My family and I were not excedingly hungry, so none of us ordered entrees.  While this is arguably the reason for our disappointment, a good restaurant should offer appetizers that are of equal caliber to the entrees.  We all shared a tasting of ceviches.  The portions were meager, but since it is something that the menu offers for a single diner, I’ll let that one slide.  However, the flavor sensations were less than perfect.  The mahi mahi ceviche was tender, but the curing liquid was reminiscent of inadequately flavored tomato juice, which was just salvaged by some fresh orange juice.  The tuna ceviche was nothing ground-breaking, and the halibut one was not balanced enough; the mango’s sweetness was not counteracted by enough savory flavor.  Overall, these dishes were pretty, but any Iron Chef freak knows that points for plating cannot salvage a dish that fails in flavor and ingenuity. 

After that, our appetizers were the lobster tacos; the blue cornmeal crusted oysters; the ensalada de espinaca; the tamale; the shrimp empeñadas; and the red snapper quesadillas.  As I mentioned previously, the portions were pretty small.  My dad’s tacos were miniscule, and the finely diced lobster stole all of the textural integrity from that ill-fated crustacean.  The salad was rather disappointing.  Its components were baby spinach, spicy pumpkin seeds, grapefruit segments, and some sad looking shaved jicama, carrots, and red onion.  I firmly believe that Chef Sandoval added this dim feature to the menu to show the world that he knew how to make grapefruit supremes.  The red snapper quesadillas were okay, but nothing awe-inspiring.

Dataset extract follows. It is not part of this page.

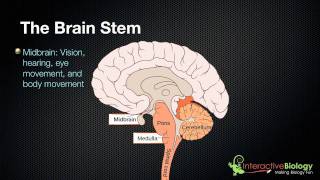 027 The 3 parts of the brain stem and their functions [upl. by Tav]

Fortunately, a few dishes saved face for the restaurant.  The tamale, although a little dry on the outside, was accompanied by a creamy sauce that melded well with the spicier salsa component on the plate.  The goat cheese interior was quite delicious as well.  Perhaps my favorite dish was the blue cornmeal crusted oysters, which carried the sea with them.  The brininess of the bivalve was excellent with the goat cheese and the crispy exterior. 

For dessert, we had the natilla de cajeta, which was not bad but nothing special.  I would liken its spot on the menu to putting a mediocre standardized test score on a college application.  Maybe it won’t throw you into a bad light, but if you have little else going for you, it certainly won’t help. 

The small plates did not leave us empty, but the aforementioned guacamole had a prime role in our satiation, no doubt.  Perhaps the blow of an under-par meal could be softened by their above average and quite potent margaritas.  I wouldn’t know.  The designated driver is the wisest diner.